Closed anzhi0708 closed 1 year ago

anzhi0708 commented 1 year ago
>>> let ls = []
>>> for i in range(10):
  >     ls.append(lambda: i)
  >
>>> ls[0]()
 => 9
>>> ls[1]()
 => 9
>>> ls[2]()
 => 9
>>> print(i)
Traceback (most recent call last):
  File "<stdin>", line 1, in <module>
NameError: Undefined variable 'i'.
>>>

In Python, for loops define a global variable which does not get cleaned after iterating. After Python's iteration, every i inside of lambda bodies points to the same value.

In Kuroko, i seems to be a local variable instead of a global one, but every i still got the same value - It works just like Python, which is not a bad thing, but I was expecting every for loop got its own scope / namespace / whatever - is this a feature in Kuroko too?

anzhi0708 commented 1 year ago

But in Kuroko I can use let to declare a local variable inside of for loop - which is great ;-)

klange commented 1 year ago

This capturing behavior is a tricky one.

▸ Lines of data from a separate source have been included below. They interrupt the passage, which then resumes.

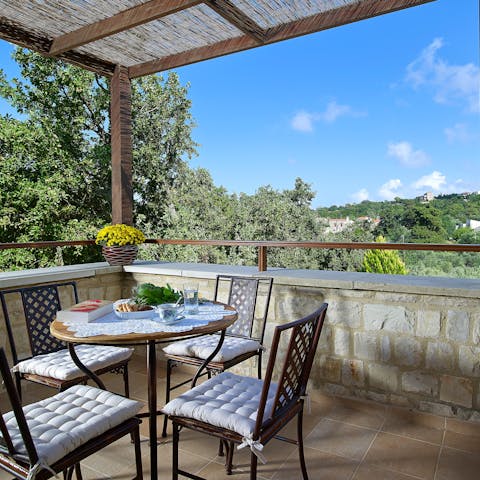 Sit down for breakfast with a view up on the covered first-floor terrace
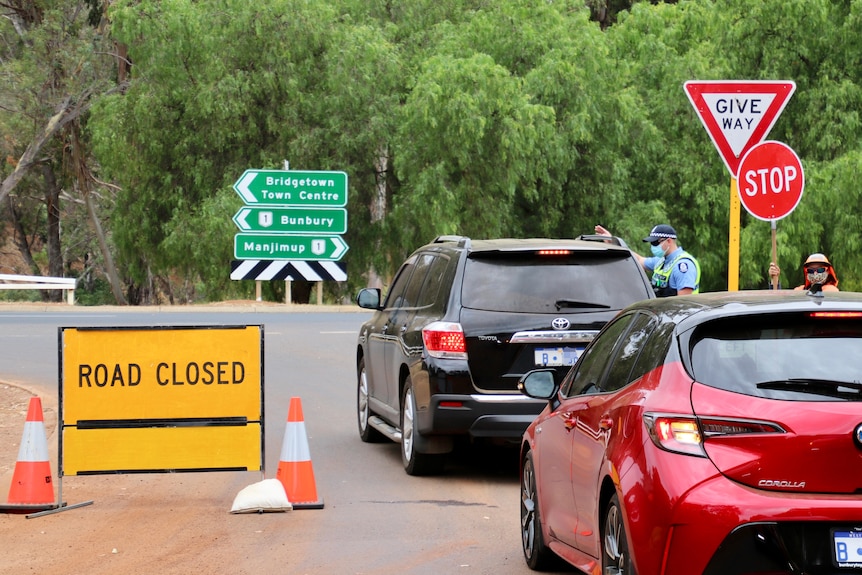 Cars at a police road block.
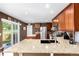 Modern kitchen featuring granite countertops, stainless steel appliances, and access to the backyard at 3505 Dinosaur St, Castle Rock, CO 80109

The scope of the implicitly declared loop variable is the loop as a whole, rather than an individual iteration of the body, so while the variable's scope does not extend after the loop as it would with the function scoping in Python, it does still exhibit the same capturing behavior where each iteration sees the same final variable rather than unique instances.

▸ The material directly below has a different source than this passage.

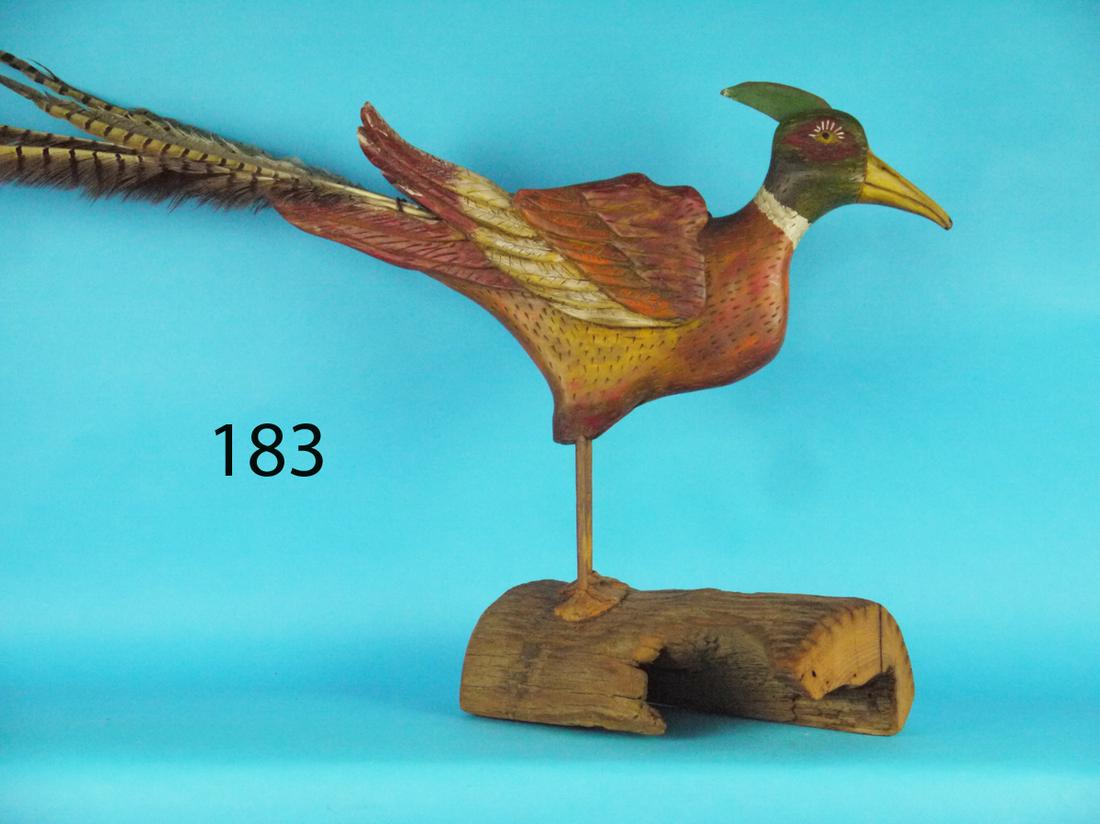 PHEASANT, SPAULDING: WHIMSICAL PHEASANT by Spaulding, Wildwood, NJ. Excellent orignal paint and condition. Applied wings and inserted pheasant tail feathers. Inserted metal comb on head. Mounted atop a driftwood base. Ove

The reason for this specific scoping decision is that it more closely matches for-loop declarations in languages like C99 (which Kuroko's scoping rules are generally modeled on), and in fact Kuroko has 'legacy' support for C-style for loops in addition to the for ... in ... loops, which demonstrates the mapping pretty well:

for i=0; i<10; i++:
   print(i)

(Those might go away at some point, though, so please don't use them - I don't think they're any faster than in range(...) anyway...)

As you note, because we can force a new local in the body, we can provide different captured variables to the lambda in each iteration by forcing an extra assignment - a bit ugly, but quite useful! There's an instance of this in the documentation generator - instead of unpacking in the for, the unpack is done in the body to ensure separately-captured locals in lambdas.

Meshing Python's syntax with block scoping has been a challenge, and Kuroko definitely has some unfortunate quirks like this because of it, but sometimes those quirks have hidden benefits.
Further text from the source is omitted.